On a warm summer June day in 1938 the iconic hero, Superman, flew into our lives on the pages of Action Comics #1! Less than a year later, Batman premiered in Detective Comics #27. By October of 1939, Marvel Comics released its #1, which included the Human Torch, Angel, and Prince Namor the Sub-Mariner, followed by Fawcett Comics’ superhero Captain Marvel, DC Comics’ Flash, and Green Lantern which debuted in 1940. The following year, Marvel’s Captain America and DC’s Wonder Woman were published.
Comic books, in their present form, evolved from popular newspaper comic strips and first appeared as books that included reprints of The Katzenjammer Kids, Happy Hooligan, Buster Brown, and Mutt & Jeff. In fact, the first monthly comic book, Comics Monthly, began publication in 1922, in which those reprints of daily newspaper comic strips were featured. In February of 1935, National Allied Publications (DC Comics), published New Fun # 1, the first ever comic book consisting of completely original material.
From 1938 through the mid-1940s comic book popularity peaked. Today, monthly sales of comic books hover at around 100,000 copies, but in the early 1940s, before TV’s, computers, and smart phones, each of the most popular comics, Superman, Batman, and Captain Marvel, regularly sold 1.5 million copies per month!
During the post-war era, superhero comic books sales steadily plummeted causing some to cease publication. Through the mid-1950s, comic books with more serious themes like crime, romance, westerns, and horror became popular. However, Superman, Batman, and Wonder Woman still retained their devoted readers.
Shockingly, in 1954, psychiatrist Fredric Wertham wrote in his bestselling book, Seduction of the Innocent, that comic books were corrupting the youth of America.
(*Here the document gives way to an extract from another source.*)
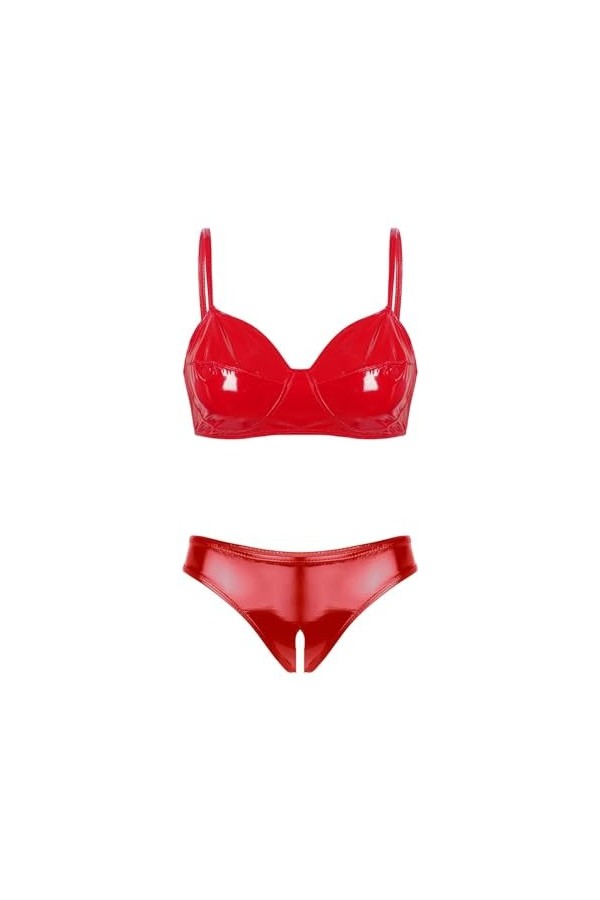 Lingerie Sexy Ensemble De sous-Vêtements DExposition À lentrejambe, Rouge, 4XL
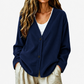 Dames V-hals corduroy gebreid vest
He stated that Superman represented fascist ideals, Batman and Robin promoted a homosexual lifestyle, and Wonder Woman was a lesbian with a bondage fixation. Based on that “supposition” members of Congress had the author testify before the Senate Subcommittee on Juvenile Delinquency! Huh?
Aware of the possible backlash, that same year comic publishers created the Comics Code Authority in order to self-regulate their industry. The Code set a number of requirements. “In every instance good shall triumph over evil; if crime is depicted it shall be as a sordid and unpleasant activity; females shall be drawn realistically without exaggeration of any physical qualities; and vampires, ghouls, cannibalism and werewolves are prohibited.”
In 1971, the Comics Code relaxed some standards. “Vampires, ghouls, and werewolves shall be permitted to be used when handled in the classic tradition.” This allowed for the return of the horror genre, including The Tomb of Dracula in 1972, followed by Ghost Rider and the Tales of the Zombie in 1973. Additional supernatural characters, Man-Bat, Swamp Thing, and Blade were introduced in the early 1970s, while socially conscious stories also became more numerous. Green Lantern and Green Arrow fought against racism, pollution, and social injustice. Green Arrow confronted his sidekick Speedy’s heroin addiction, while Iron Man came to terms with his alcoholism. DC and Marvel also introduced a slew of minority superheroes such as Storm, Black Lightning, and Blade.
While readership has diminished, in this age of electronic entertainment, comic book collectors remain passionate. Recently an Action Comics #1, introducing Superman, sold for $3.25 million! But don’t fret, you can still acquire a copy of a 1988 reprint on eBay for a mere $180.00 (plus shipping). eBay and other online sellers are great places to learn and shop, however, if you want to experience comics in person, you can visit one of the dedicated stores in town, including Enterprize Comics, Etc. at 109 Key Road, or Comic Boom located at 22 West Street, or on Facebook.
One of those purveyors of fantasy, Comic Boom, has been at the same location for over fourteen years. They buy, sell, and trade new and used comic books, action figures, videos, and tabletop/hobby gaming, including Magic Cards a game that, from a non-player’s perspective, seems more daunting than chess! Cory Milotte, the owner of Comic Boom hosts “gatherings,” where Magic Card players can ply their skills trying to defeat their opponents with epic creatures and powerful enchantments.
Most Magic Cards are affordable, but like comics are also quite collectible. In fact, “The Mox Pearl,” which was part of the original Alpha set that debuted on August 5, 1993, can be bought for $8,000 - $19,000; a mere pittance compared to “The Black Lotus,” also created in 1993, that gives you three mana of any color, granting you massive power over your opponents (what??). It's the most prized MTG card ever sold, with its most recent sale standing at a staggering $160,000!
So, if you’re looking to recapture youthful memories or challenge your neurons, comic books and Magic Cards are “just around the corner!”